The most prevalent assumption seems to be that there is an absolute divide between adults and children; on the contrary many adults have children, and most children live with parents. This absolute divide that Benardos posits mirrors the marxist divide between bourgeois oppressors and oppressed proletariat, which itself became the template for radical feminism and black rights: for bourgeois and proletariat, read men and women, black and white. It is the assumption behind political correctness, which is why the rules of political correctness are so selective and unfair. Now we have oppressor adults and oppressed children – and never the twain shall meet, except in inter-generational revolutionary conflict.

This is false since most children are brought up by adults who love them, provide for their material well-being and formation. Youngsters need guidance from adults; they take their cues from the attitudes and behaviour of their parents. Empirically, something not covered by the Bernardo's visits, problem families lead to problem children. Let us not forget that the usual victims of youth violence are young people themselves: playground bullying, stealing mobile phones. I remember one incident a few years ago at a bus stop when a number of youths surrounded another youth for his mobile phone: no adult at this crowded bus stop was doing anything to help the young teenager,who was frightened; I asked them if everything was alright, because I was unsure if this was not just pranks among friends; one of the perpretrators said don'be a hero; as they were all about 12, I was courageous enough to look him in the eye and say “I wasn't talking to you”, which shocked him into silence. The victim then begged me, “leave it, don't interfere”; he was clearly frightened, but it was enough to confuse me: would I make it worse for him the next day​? did they all know each other? The bus came and the gang of children got on the bus, as did I; they were jumping up and down laughing and in their hands was the other teenager's mobile phone. They got off the bus the next stop. None of us adults managed to prevent a mugging and a humiliated child. They were all about 12 or 13, I would estimate; had they been 15/16, would I have interfered?

This incident demonstrates the fallacy of Bernardo's portrayal. I suspect that in general, we should conceive of young people less as a class separated from older people; more as putative adults, whose closest ties are to their parents, teachers, older and younger siblings. Rather than emphasing horizontal stratification based on supposed alienation and oppression, we should encourage vertical integration among the generations. This makes sense because, rather than being an homogenous group with common interests, children often pray on children. They need protecting and adults are meant to protect them: to allow children to push the boundaries but keep them broadly inside the pale of good behaviour.
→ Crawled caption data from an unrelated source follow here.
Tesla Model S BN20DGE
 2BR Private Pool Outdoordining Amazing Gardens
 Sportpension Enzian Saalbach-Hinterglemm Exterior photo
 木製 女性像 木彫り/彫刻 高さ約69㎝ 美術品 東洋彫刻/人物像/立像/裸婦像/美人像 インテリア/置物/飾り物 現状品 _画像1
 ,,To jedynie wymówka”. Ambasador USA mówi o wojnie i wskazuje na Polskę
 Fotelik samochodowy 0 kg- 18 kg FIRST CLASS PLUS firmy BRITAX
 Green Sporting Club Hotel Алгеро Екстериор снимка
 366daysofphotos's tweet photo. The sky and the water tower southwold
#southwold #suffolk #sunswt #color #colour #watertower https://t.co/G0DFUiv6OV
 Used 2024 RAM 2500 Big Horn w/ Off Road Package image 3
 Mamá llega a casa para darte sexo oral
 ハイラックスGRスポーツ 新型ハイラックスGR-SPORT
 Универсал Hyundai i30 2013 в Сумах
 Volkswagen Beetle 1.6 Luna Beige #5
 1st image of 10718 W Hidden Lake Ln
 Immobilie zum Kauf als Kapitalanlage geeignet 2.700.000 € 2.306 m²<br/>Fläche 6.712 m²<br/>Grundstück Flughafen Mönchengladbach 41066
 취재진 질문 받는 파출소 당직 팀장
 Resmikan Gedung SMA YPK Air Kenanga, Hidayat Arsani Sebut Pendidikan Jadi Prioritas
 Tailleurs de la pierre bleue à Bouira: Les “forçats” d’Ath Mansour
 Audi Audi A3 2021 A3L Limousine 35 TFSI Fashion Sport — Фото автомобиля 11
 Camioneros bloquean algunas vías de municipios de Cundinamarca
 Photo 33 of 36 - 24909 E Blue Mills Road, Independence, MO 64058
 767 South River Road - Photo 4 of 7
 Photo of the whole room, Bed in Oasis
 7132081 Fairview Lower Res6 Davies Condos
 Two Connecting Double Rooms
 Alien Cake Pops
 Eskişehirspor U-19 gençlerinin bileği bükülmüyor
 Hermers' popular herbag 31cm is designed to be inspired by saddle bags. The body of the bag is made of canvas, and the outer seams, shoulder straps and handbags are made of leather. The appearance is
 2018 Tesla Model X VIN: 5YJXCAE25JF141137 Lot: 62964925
The real inhumanity is when we adults step aside.

Bernardos is state funded and as state aid always ends up as state control, we must suspect that the perspective of Bernardos is left-learning liberal in orientaton. One of the major mistakes of the left this century is the belief that if someone commits a crime, it is because he is alienated by society, that the responsibility lies with someone else, probably the victim or the class/race/sex/age group to which he belongs.